Using the data below, set down every line from the one containing "KONSOLENTISCH schwarz Montgomery" through the one containing "Jaws Stampa d’arte", inclusive and unchanged. Pictures are to be skipped.

*** Given records ***

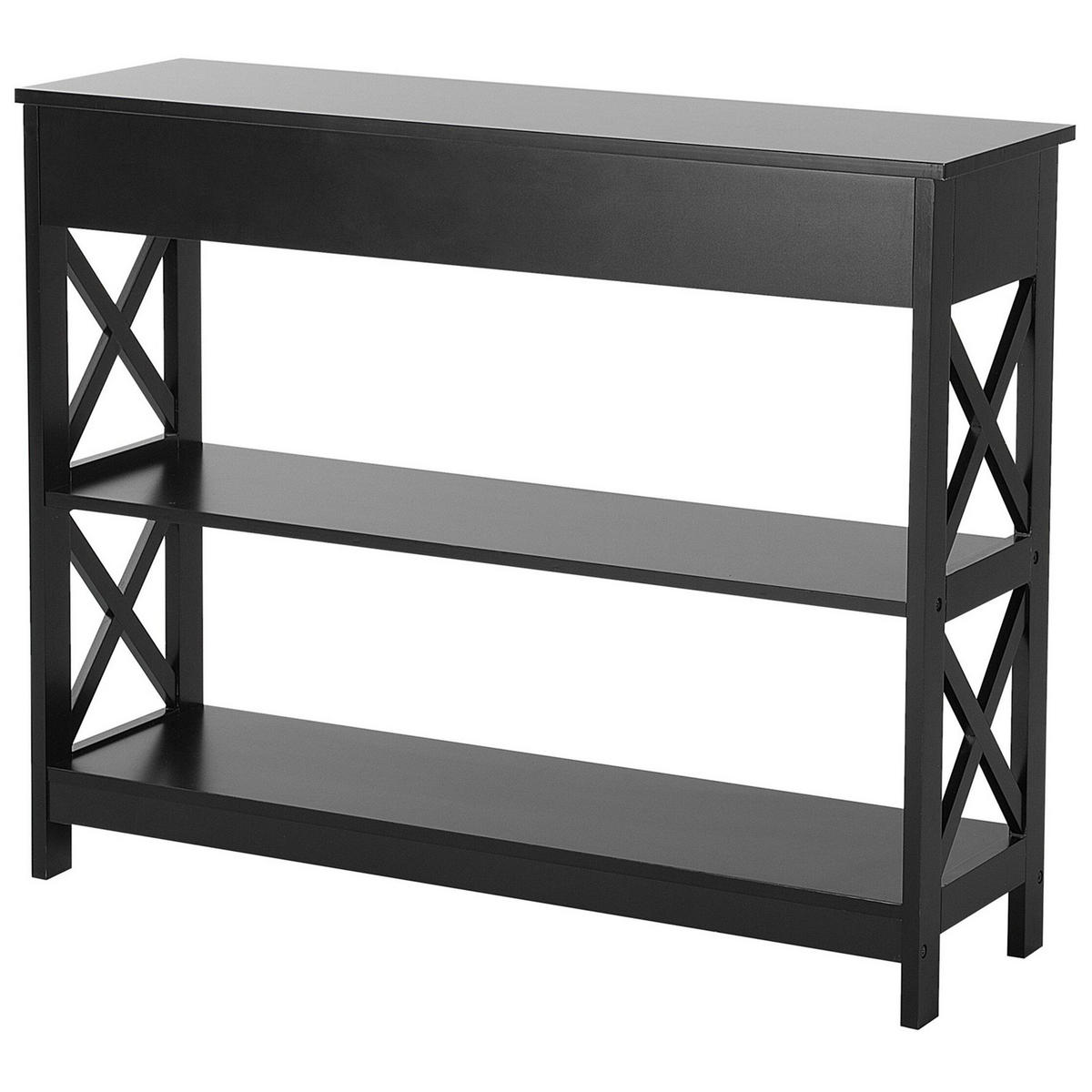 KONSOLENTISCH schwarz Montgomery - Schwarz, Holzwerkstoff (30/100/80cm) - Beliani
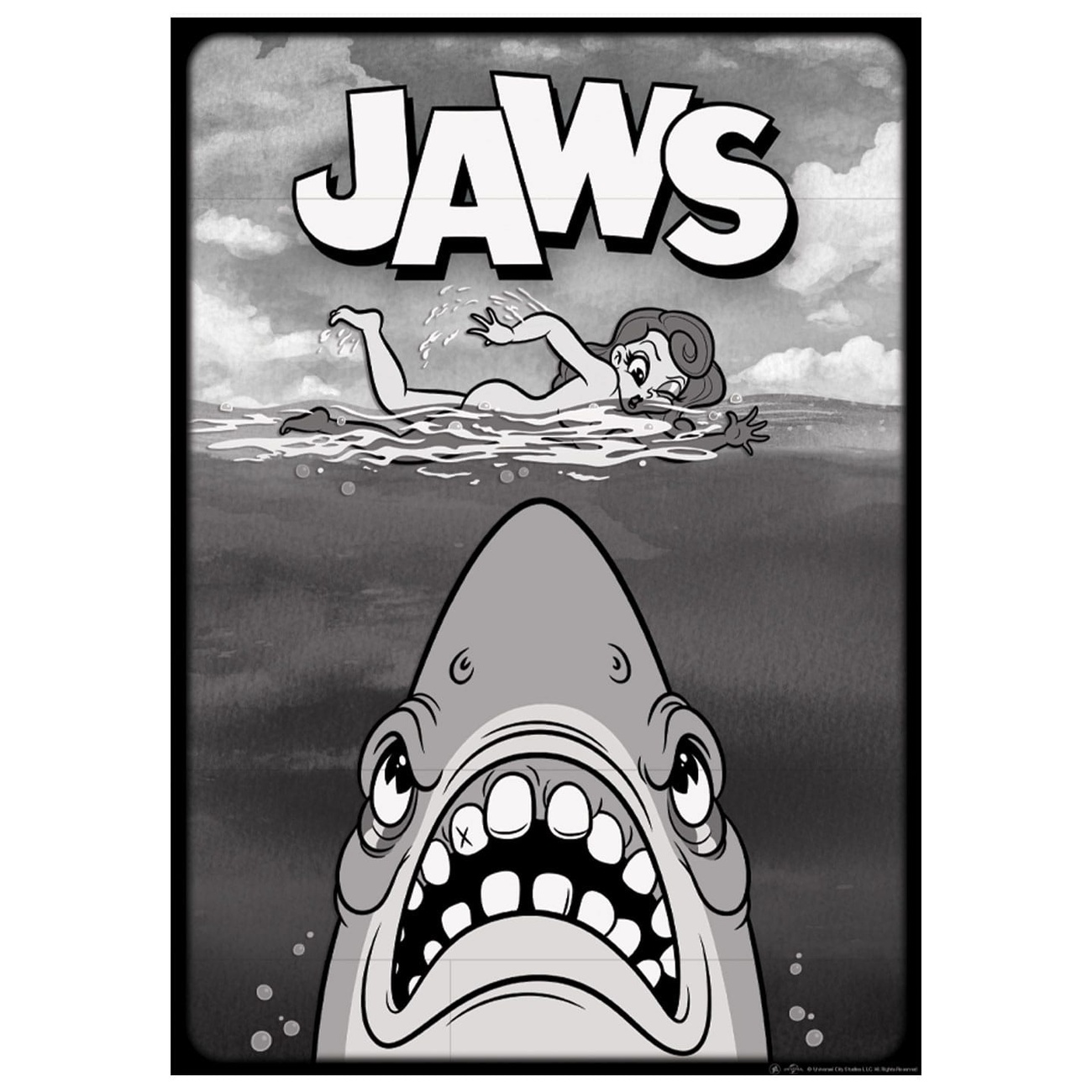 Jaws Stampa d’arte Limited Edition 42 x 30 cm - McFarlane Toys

*** End of Given records ***
*** Given records ***

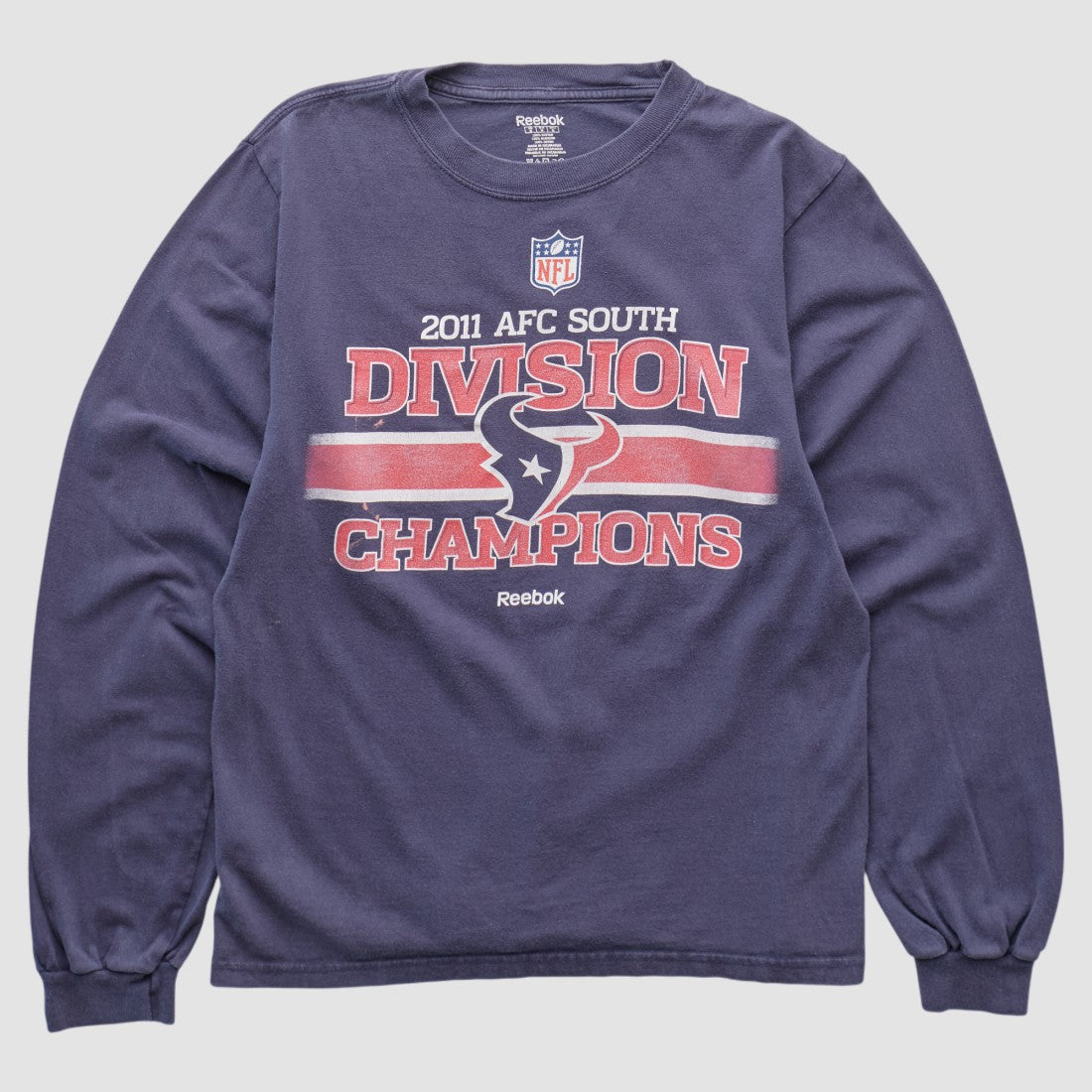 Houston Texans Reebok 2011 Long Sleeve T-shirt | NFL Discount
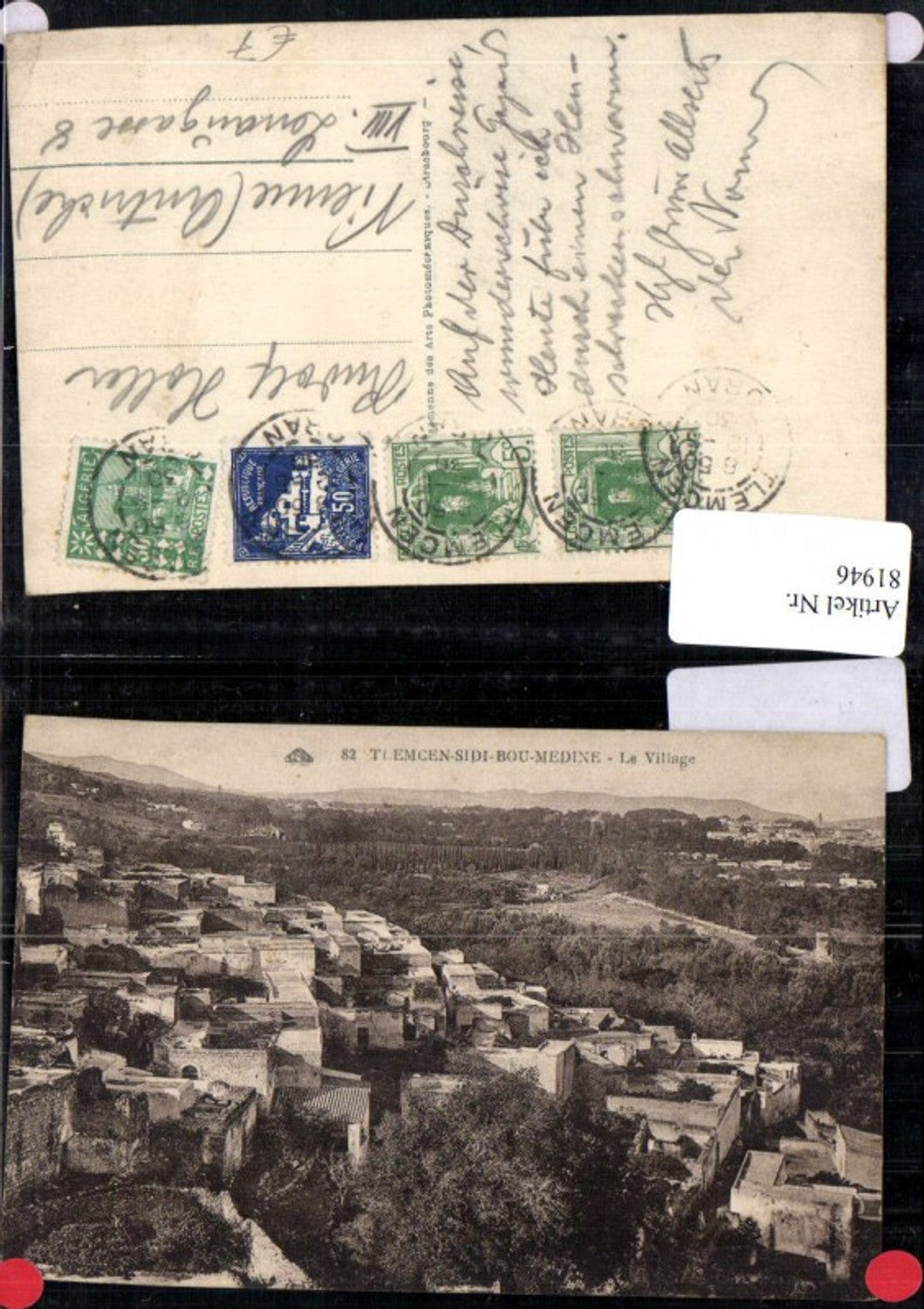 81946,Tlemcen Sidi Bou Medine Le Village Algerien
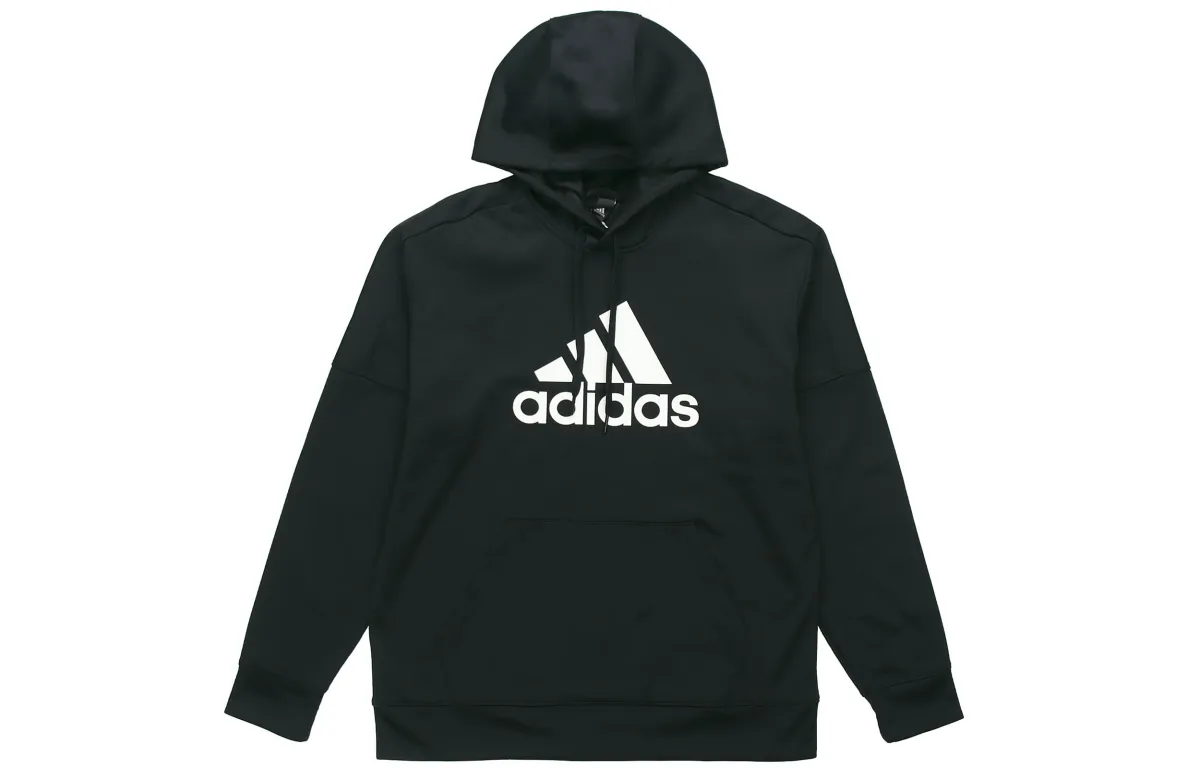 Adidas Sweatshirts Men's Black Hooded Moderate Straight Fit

*** End of Given records ***
*** Given records ***

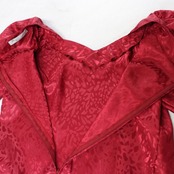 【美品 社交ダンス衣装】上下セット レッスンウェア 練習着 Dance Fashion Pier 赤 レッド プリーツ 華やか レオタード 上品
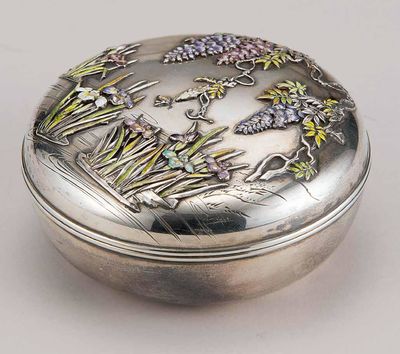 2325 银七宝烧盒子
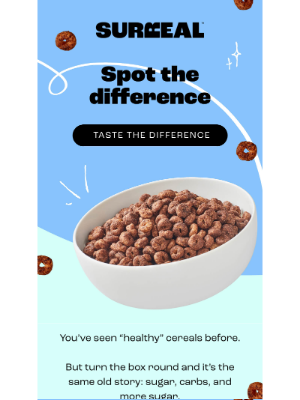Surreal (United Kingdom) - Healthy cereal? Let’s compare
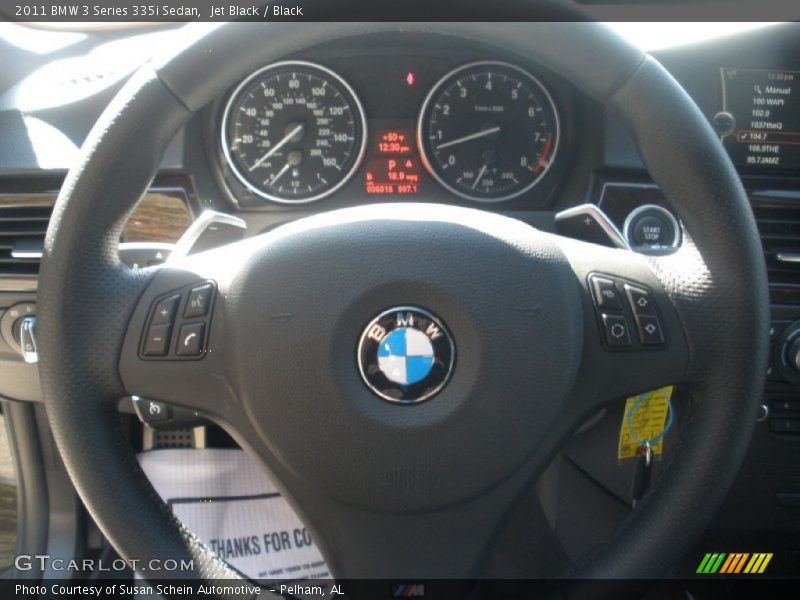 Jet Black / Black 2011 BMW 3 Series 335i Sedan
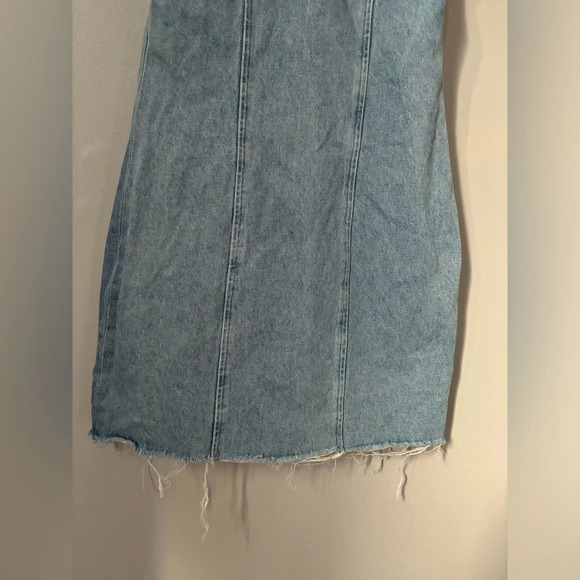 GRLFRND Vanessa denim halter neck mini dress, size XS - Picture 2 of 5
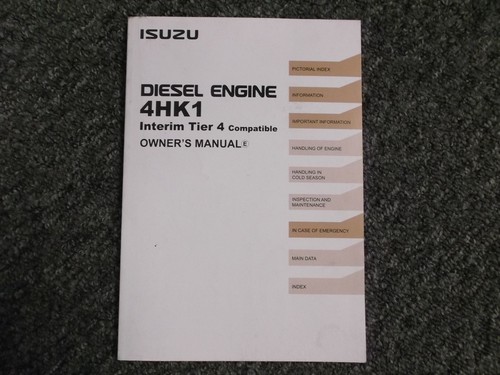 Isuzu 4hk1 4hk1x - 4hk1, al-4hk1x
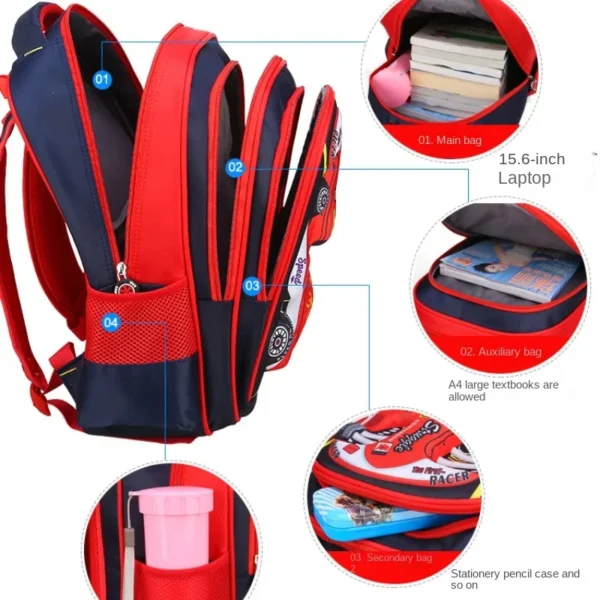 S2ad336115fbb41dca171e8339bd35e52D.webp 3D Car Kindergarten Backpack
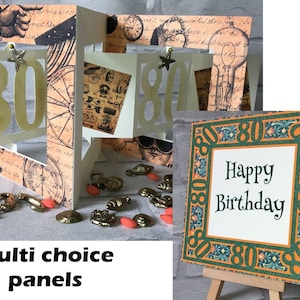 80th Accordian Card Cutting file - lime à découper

*** End of Given records ***

→ Exercise response:
 KONSOLENTISCH schwarz Montgomery - Schwarz, Holzwerkstoff (30/100/80cm) - Beliani
 Jaws Stampa d’arte Limited Edition 42 x 30 cm - McFarlane Toys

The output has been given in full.